# What is needed
Return, exactly, the line that contains "diving bell / shark / mermaid" together with all lines after it to the end of the entries, and no further lines.

# Data for analysis
=====

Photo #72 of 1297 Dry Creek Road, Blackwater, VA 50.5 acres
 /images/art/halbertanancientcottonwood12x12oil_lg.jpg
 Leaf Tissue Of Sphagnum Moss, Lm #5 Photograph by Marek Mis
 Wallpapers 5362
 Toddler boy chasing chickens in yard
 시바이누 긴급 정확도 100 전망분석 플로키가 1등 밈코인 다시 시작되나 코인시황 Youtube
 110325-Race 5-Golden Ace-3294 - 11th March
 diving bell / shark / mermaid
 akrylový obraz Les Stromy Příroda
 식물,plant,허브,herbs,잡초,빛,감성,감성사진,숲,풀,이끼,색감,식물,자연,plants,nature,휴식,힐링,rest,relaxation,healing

=====

# Solution below
 diving bell / shark / mermaid
 akrylový obraz Les Stromy Příroda
 식물,plant,허브,herbs,잡초,빛,감성,감성사진,숲,풀,이끼,색감,식물,자연,plants,nature,휴식,힐링,rest,relaxation,healing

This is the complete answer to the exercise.